2. Validity of the show cause notices issued by the Assistant Director, Directorate of Anti-Evasion.
3. Admissibility of raising the jurisdiction issue at the appellate level.

Issue-wise Detailed Analysis:

1. Jurisdiction of the authority issuing the show cause notice:

The appellants raised a preliminary objection that the show cause notices were issued by an authority not vested with the powers of an Assistant Collector of Central Excise. They argued that the Assistant Director, Directorate of Anti-Evasion (C.E.), was not empowered to issue such notices, rendering the proceedings void ab initio.

The respondent contended that prior to the bifurcation of the Directorate of Anti-Evasion from the Directorate of Revenue Intelligence, the officers of the Anti-Evasion Directorate functioned as an administrative wing of the DRI and should be presumed to have been vested with the same powers.

2. Validity of the show cause notices issued by the Assistant Director, Directorate of Anti-Evasion:

The appellants argued that the Directorate of Anti-Evasion (DAE) became an independent entity from the Directorate General of Revenue Intelligence (DGRI) on 1-4-1986. Before this date, the officers of DAE were not appointed as Central Excise officers and were not invested with the requisite powers. They referenced several notifications, including Notification No. 157/69, which did not include officers of DAE, and Notification No. 191/84, which invested the Director of Anti-Evasion with the powers of a Collector of Central Excise.

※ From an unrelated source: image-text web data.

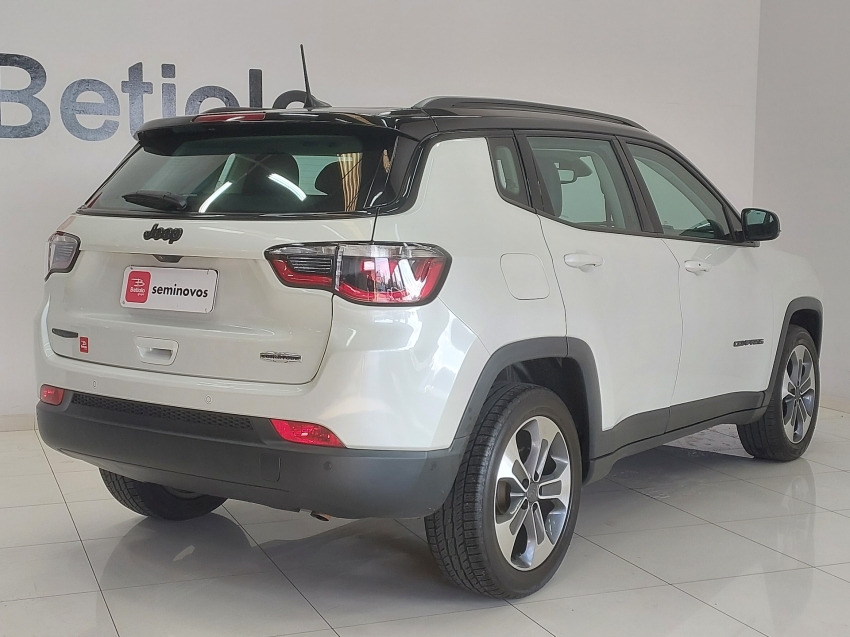 jeep compass 2.0 16v flex longitude automatico 4p 20214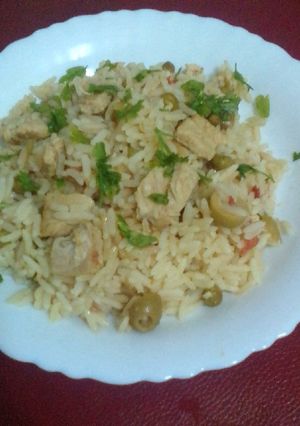 صورة لوصفة روز اكسبريس 😋😋😋
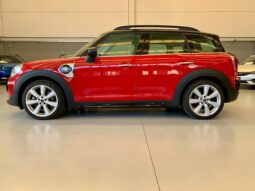 MINI COUNTRYMAN full
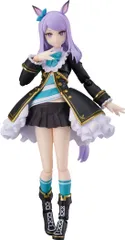 【新品】 figma ウマ娘 プリティーダービー メジロマックイーン ノンスケール プラスチック製 塗装済み可動フィギュア 佐賀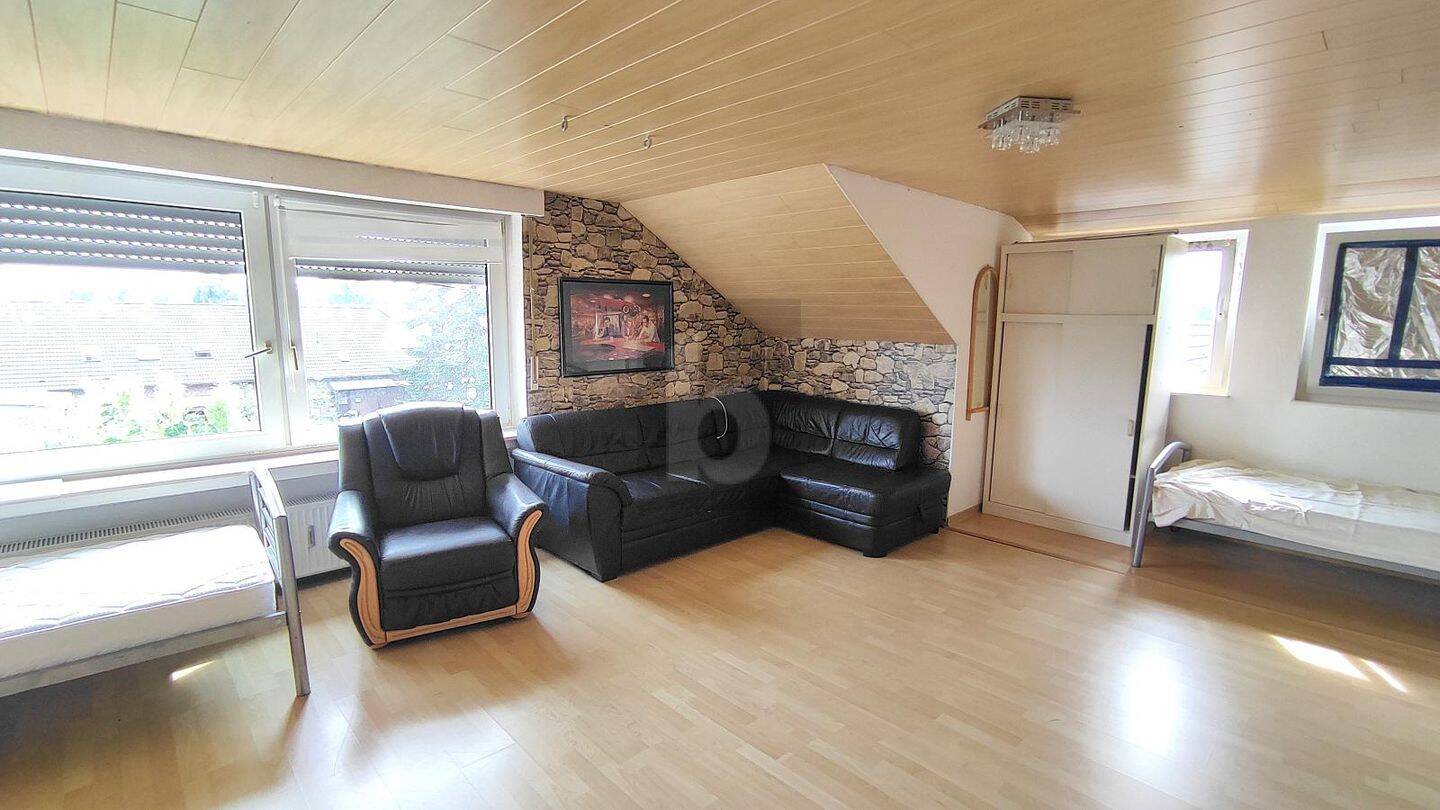 3غرفة شقة في Osnabruck, Germany رقم 158594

The respondent maintained that the officers of DAE should be presumed to have the same powers as those of DRI due to their administrative association. However, the Tribunal noted that the issuance of specific notifications, such as Notification No. 191/84 and its amendment by Notification No. 166/85, indicated that the CBEC did not consider the officers of DAE to be automatically vested with such powers.

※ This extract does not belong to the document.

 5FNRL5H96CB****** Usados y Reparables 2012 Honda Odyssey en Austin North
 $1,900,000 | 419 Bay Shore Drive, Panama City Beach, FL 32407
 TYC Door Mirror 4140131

3. Admissibility of raising the jurisdiction issue at the appellate level:

The respondent argued that the appellants had not raised the jurisdiction issue before the lower authorities and thus could not do so at the appellate level. They cited several decisions, including M/s. Pannalal Binjraj and Others v. Union of India and Others, where the Supreme Court refused to entertain jurisdictional objections raised belatedly.

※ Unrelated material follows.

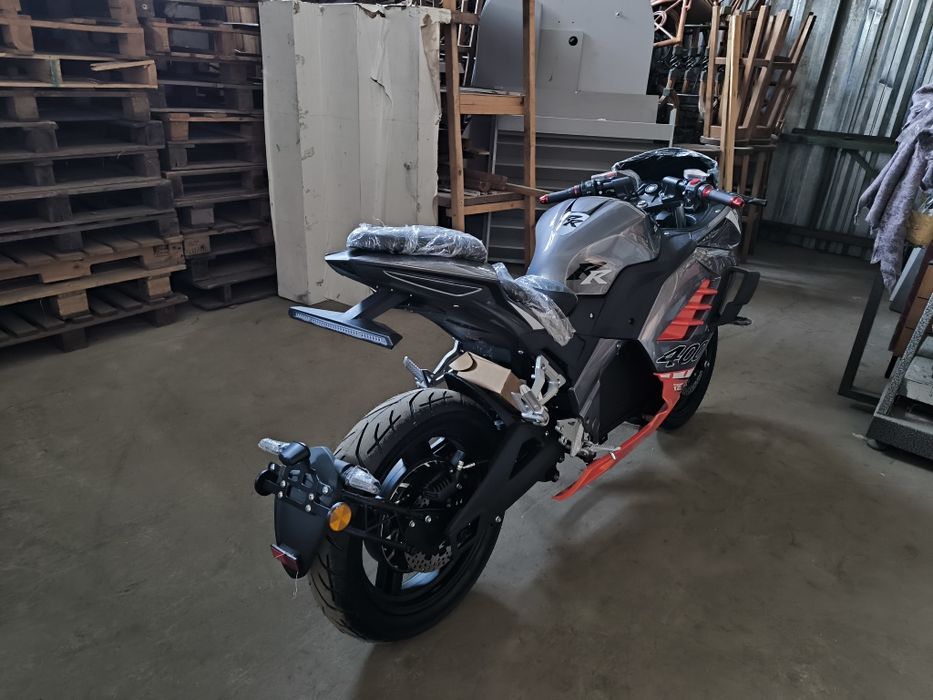 Продам электромотоцикл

The appellants countered that an action without jurisdiction is void ab initio and can be challenged in collateral proceedings. They cited cases such as Commissioner of Sales Tax, U.P. v. Sarjoo Prasad Ram Kumar, where the Supreme Court held that an objection as to jurisdiction goes to the root of the case and can be raised at any stage. The Tribunal agreed with the appellants, noting that the jurisdictional issue could be addressed at the appellate level as it goes to the very root of the subject matter.

Conclusion:

The Tribunal concluded that the show cause notices signed by the Assistant Director (AE) were without jurisdiction and thus invalid. Consequently, the adjudication proceedings based on these notices were also invalid. The Tribunal allowed all the appeals, set aside the impugned orders, and provided consequential relief to the appellants. The Central Excise authorities were granted the liberty to issue fresh show cause notices if otherwise possible.